Le dernier été de la raison, œuvre posthume de Tahar Djaout, est un roman d’anticipation dans lequel l’auteur se projette dans l’avenir que réserve l’idéologie des Frères Vigilants.

Dans l’Algérie des années 1990, la grande peur qui planait sur la société était : que va-t-il advenir si l’islamisme accédait au pouvoir ? Ce texte met en scène deux personnages (Boualem Yekker et Ali Elbouliga) qui ne se conforment pas aux nouveaux règlements sociaux.

Le premier chapitre du roman, intitulé Prédication, 1 mêle la prédication et la menace. On y dénombre quatre occurrences du mot « Œil », transcrit avec la majuscule. Cette scansion ne manque pas de rappeler au lecteur l’œil de Big Brother dans 1984, le fameux roman de George Orwell. Djaout emprunte au romancier anglais plusieurs de ces procédés, à commencer par l’idée générale du texte : une projection dans une société future gouvernée par un régime politique qui veut tout régenter. Le lecteur est introduit, dès les premières pages du récit, dans un univers « orwellien », balisé par la surveillance et l’exclusion.

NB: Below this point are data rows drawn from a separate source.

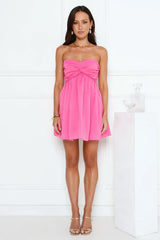Sunset Wanderlust Strapless Mini Dress Pink
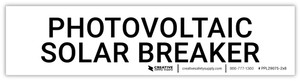 Photovoltaic Solar Breaker - Arc Flash Label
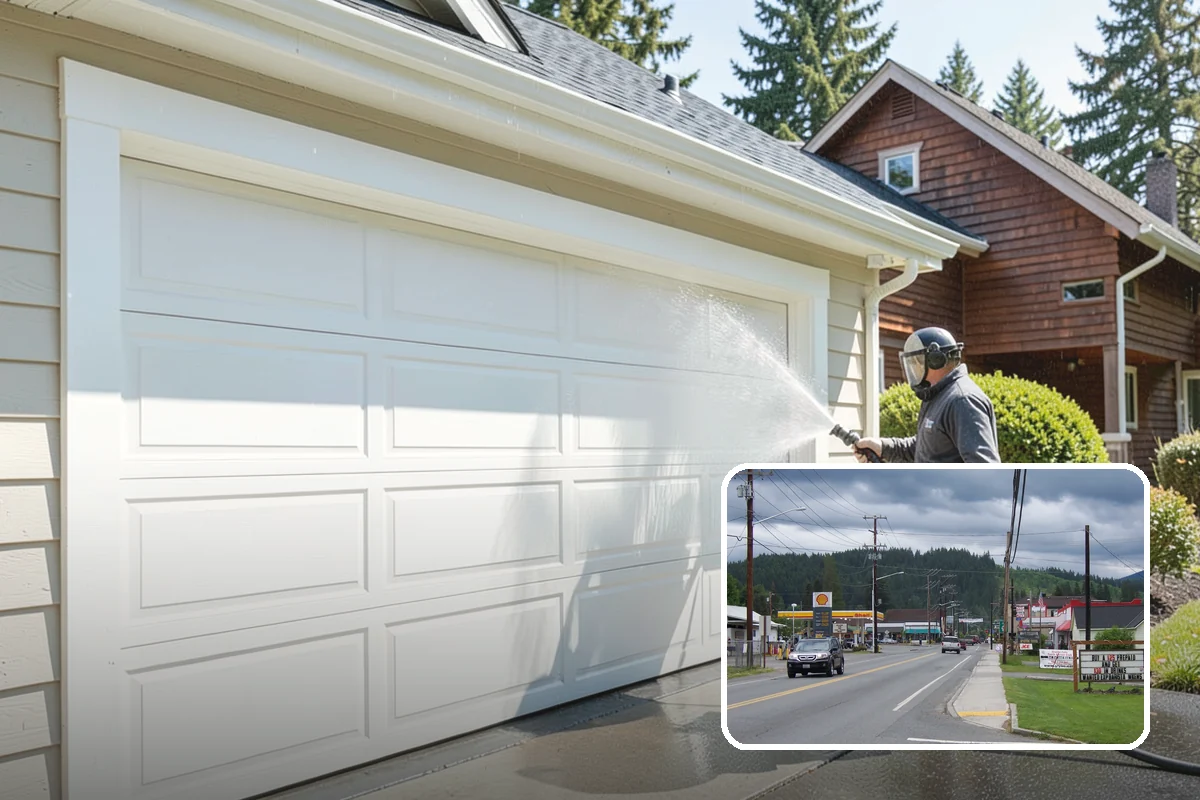 Sidewalk Gum Removal in Granite Falls, Snohomish County, WA - Removes unsightly black gum spots completely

Elbouliga est un ancien musicien d’un orchestre populaire. L’auteur ne nous donne que très peu d’indications sur ce personnage pour le moins étrange. Ses voisins l’évitent, sa passion (la musique) est décrétée illicite, et on lui reproche son passé d’artiste. Tel un spectre, il passe inaperçu et hante la librairie de Yekker où plus aucun client ne vient. Il est devenu un dérangé mental, obsédé par une seule question : « Quand le tremblement de terre se produira-t-il ?»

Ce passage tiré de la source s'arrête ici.